▸ Instructions to follow: When you reach the line that contains "Продается 1-комн. квартира, 40.18 м²" below, transcribe it and each line after it word for word to the end of the records, omitting pictures.

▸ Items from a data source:
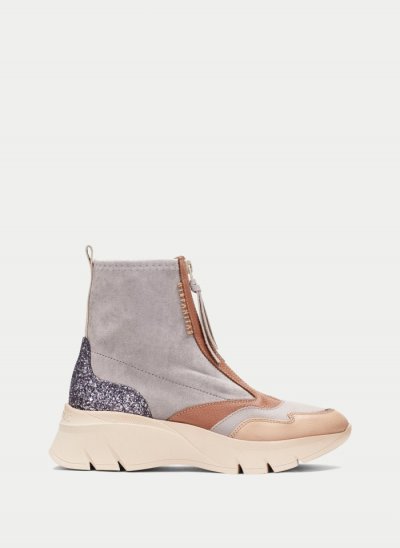 Hispanitas Botin Sport Helsinki Gris Tierra Glitter Hispanitas Botin Sport Helsinki Gris Tierra Glitter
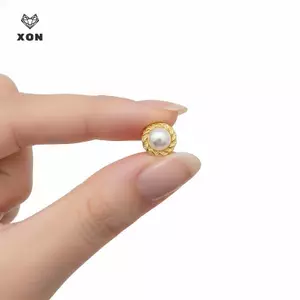 6 Đôi Bông Tai Ngọc Trai Retro Viền Vàng Cạnh Giả Trang Sức Cho Đám Cưới Phù Dâu Hộp Quà Tặng [Mina]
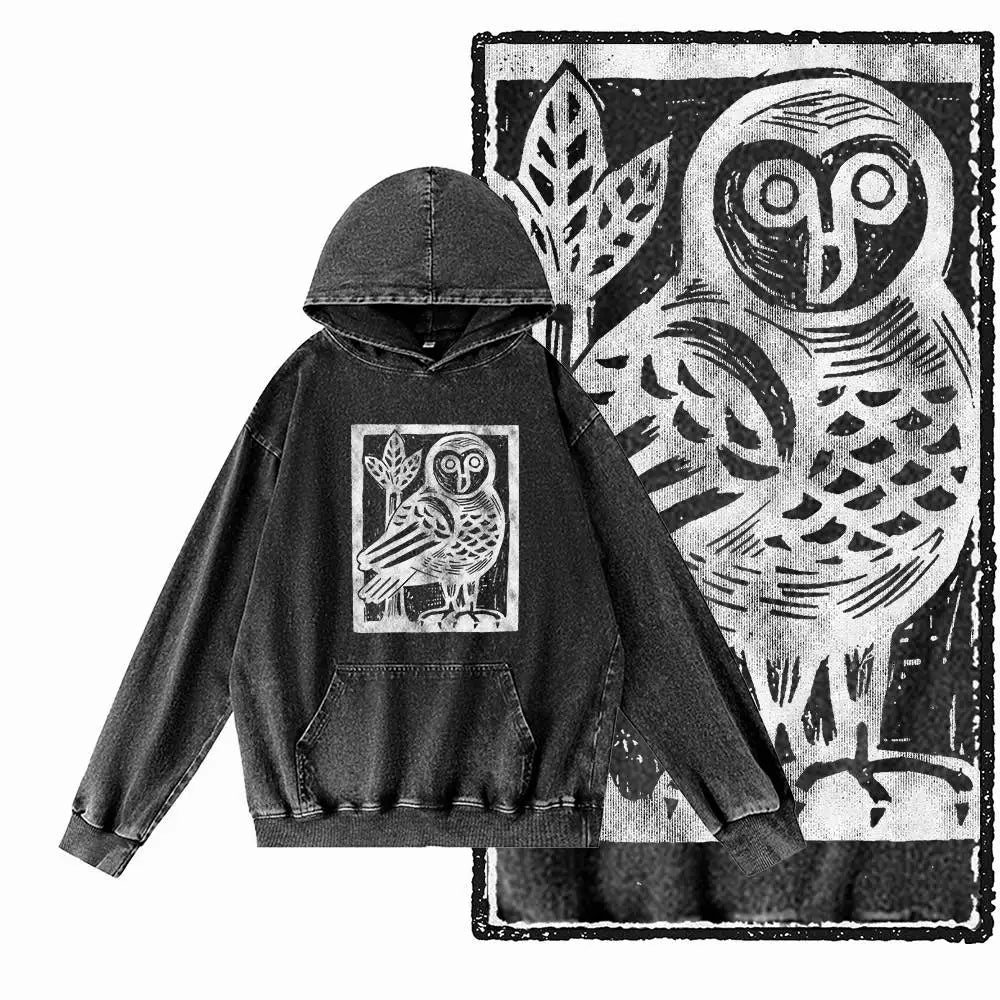 Vintage Owl Graphic Acid-Washed Black Hoodie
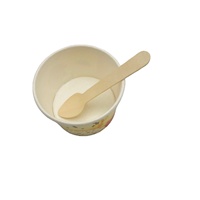 Cuillère en bois compostable de 110mm avec sac emballé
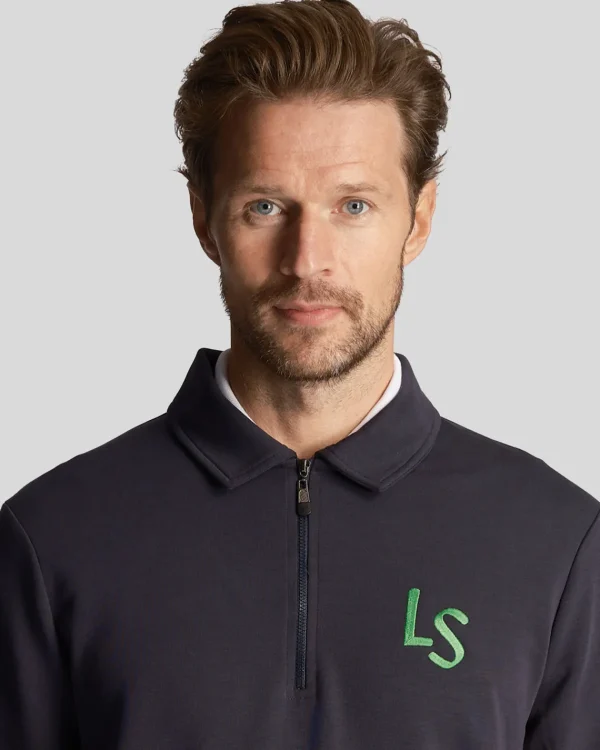 Lyle & Scott Golf | Sweatshirts<Golf LS Logo 1/4 Zip Sweatshirt DunkleMarine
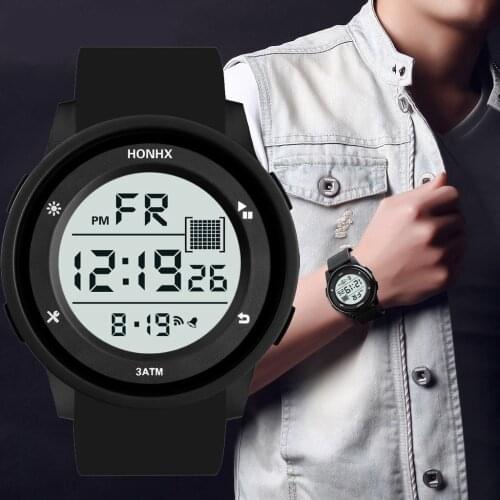 HONHX Fashion Waterproof Mens Boy LCD Digital Stopwatch Date Rubber Sport Wrist Watch relogio watch Simple and versatile WD5
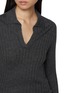  - PESERICO - Slim Fit Ribbed Wool Blend Knit Polo Top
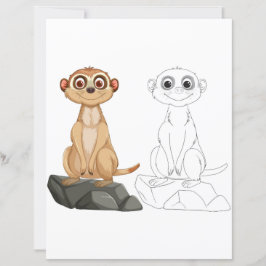 Niedliche Cartoon-Merkat-Farbseite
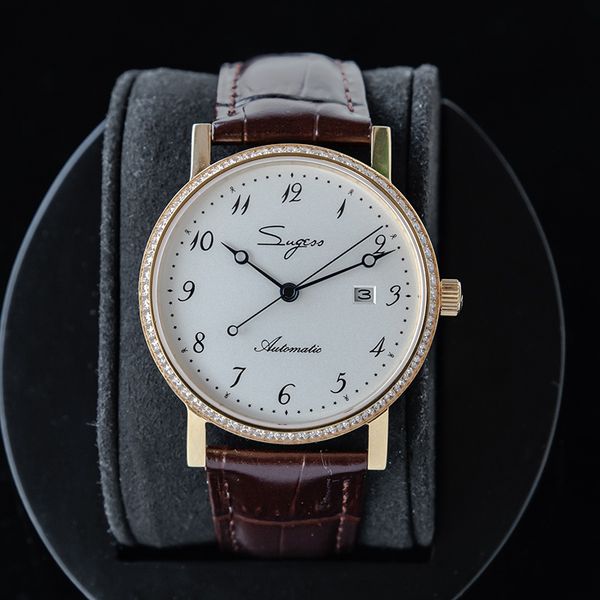 

8mm ultra-thin men's mechanical watches japan 9015 automatic movement fashion simple man wristwatch sapphire calendar clock 2020, Slivery;brown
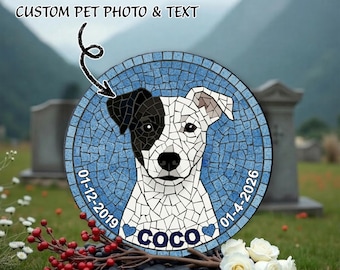 Custom Mosaic Memorial Garden Stone: Pet Portrait Tile Design Round Plaque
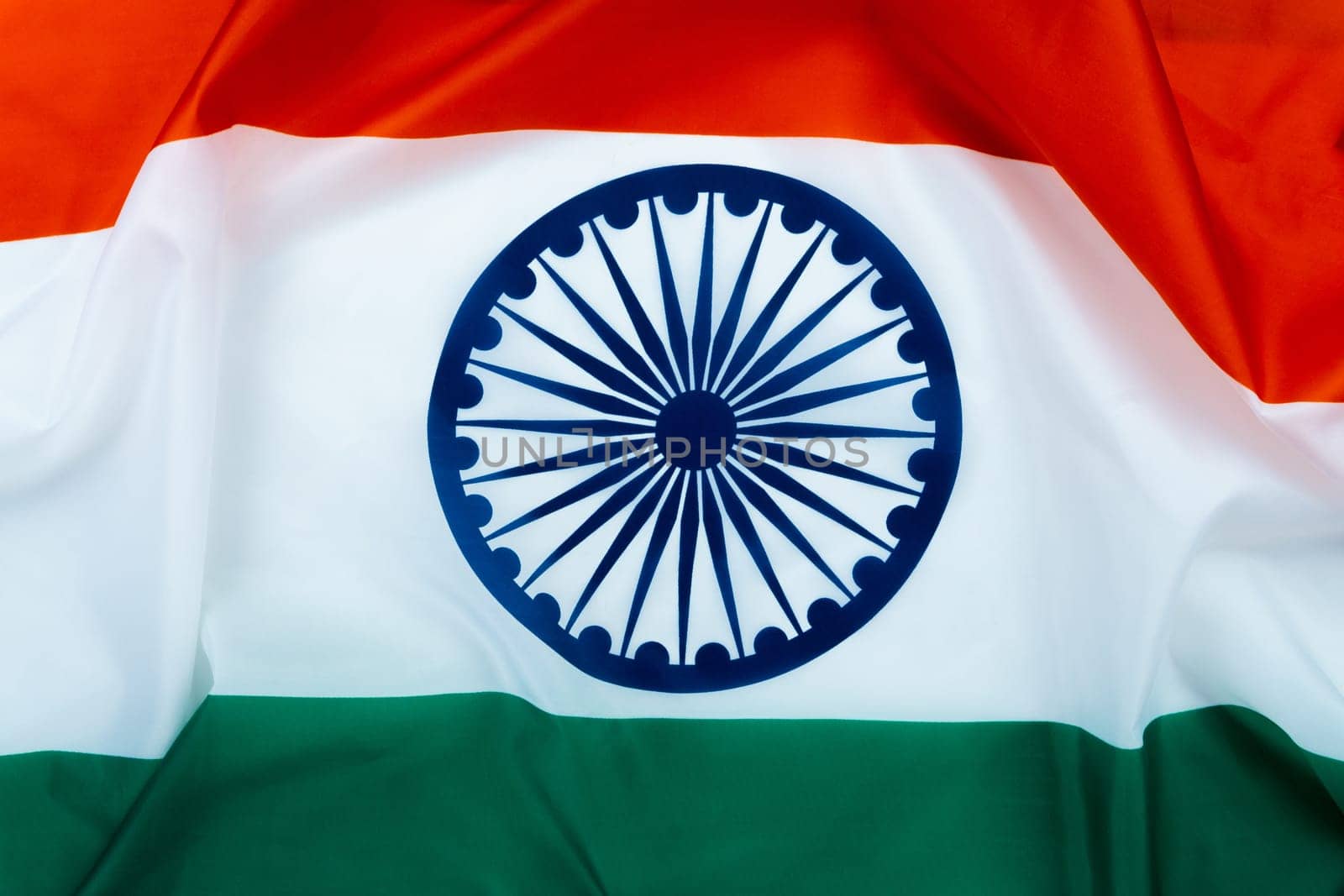National flag of India on white background for Indian Independence day. Top view, copy space for text.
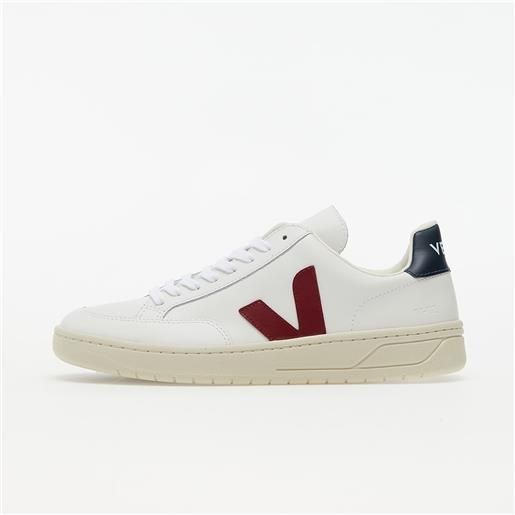 Veja v-12 leather white marsala nautico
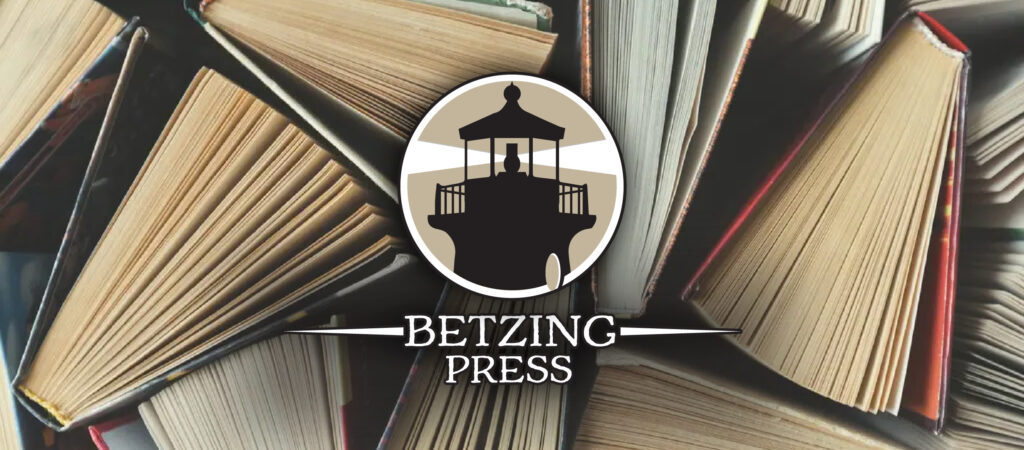 Stacks of open books and Betzing Press Lighthouse Logo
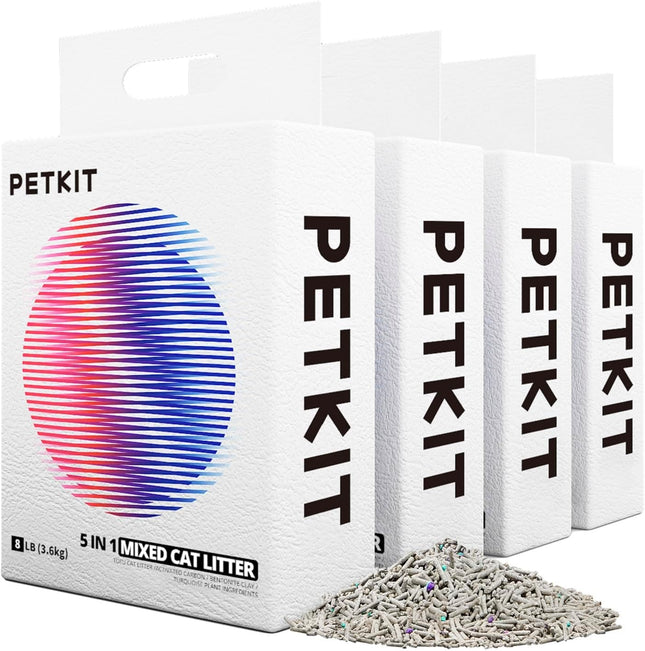 PETKIT 5-in-1 Mixed Cat Litter, Flushable, Odourless, Activated Carbon, Extremely Absorbent and Quick Drying Tofu Cat Litter (Four Pockets)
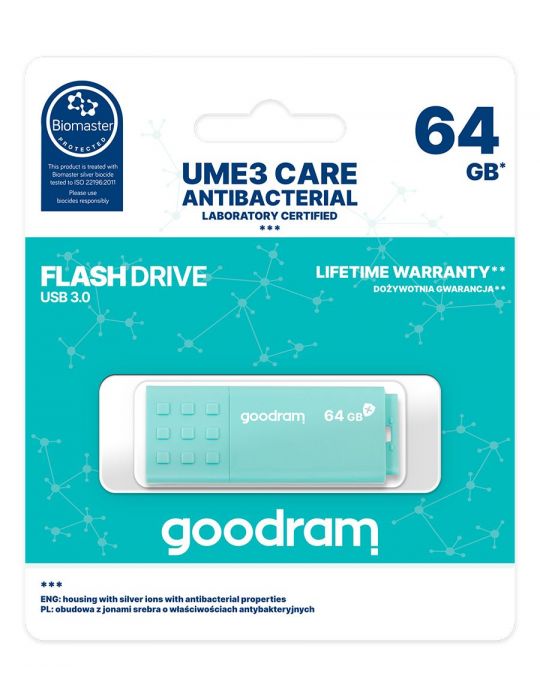 Goodram UME3 memorii flash USB 64 Giga Bites USB Tip-A 3.0 Turcoaz Goodram - 5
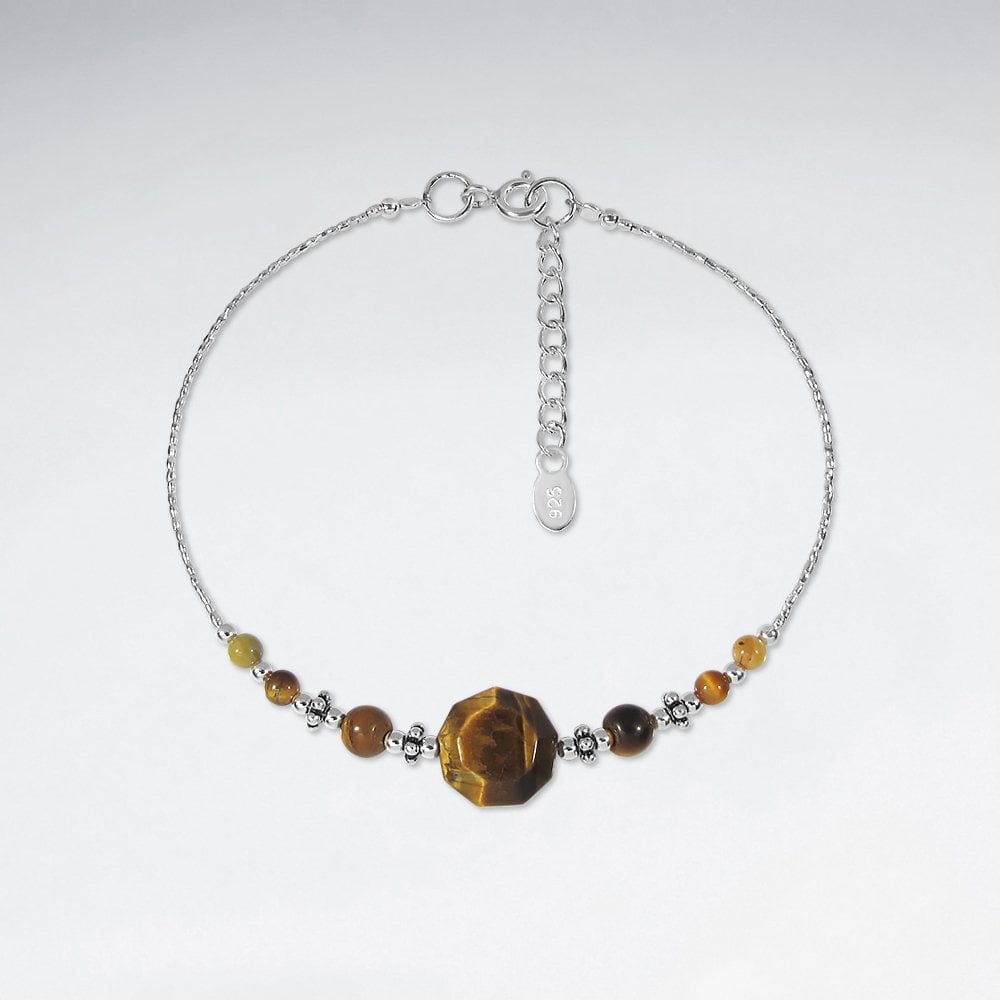 Sterling Silver Tiger Eye Bracelet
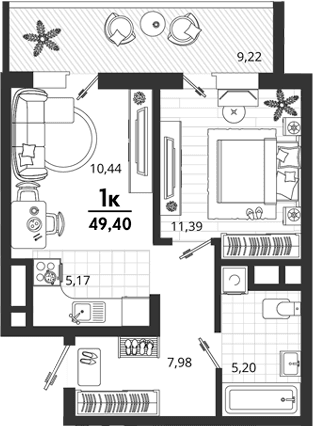 Продается 1-комн. квартира, 40.18 м²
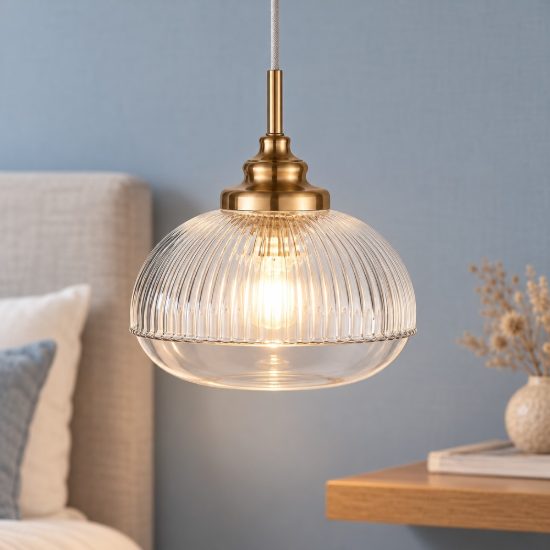 Lampada a sospensione per comodini camera da letto goccia trasparente e oro vetro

▸ The completed task:
 Продается 1-комн. квартира, 40.18 м²
 Lampada a sospensione per comodini camera da letto goccia trasparente e oro vetro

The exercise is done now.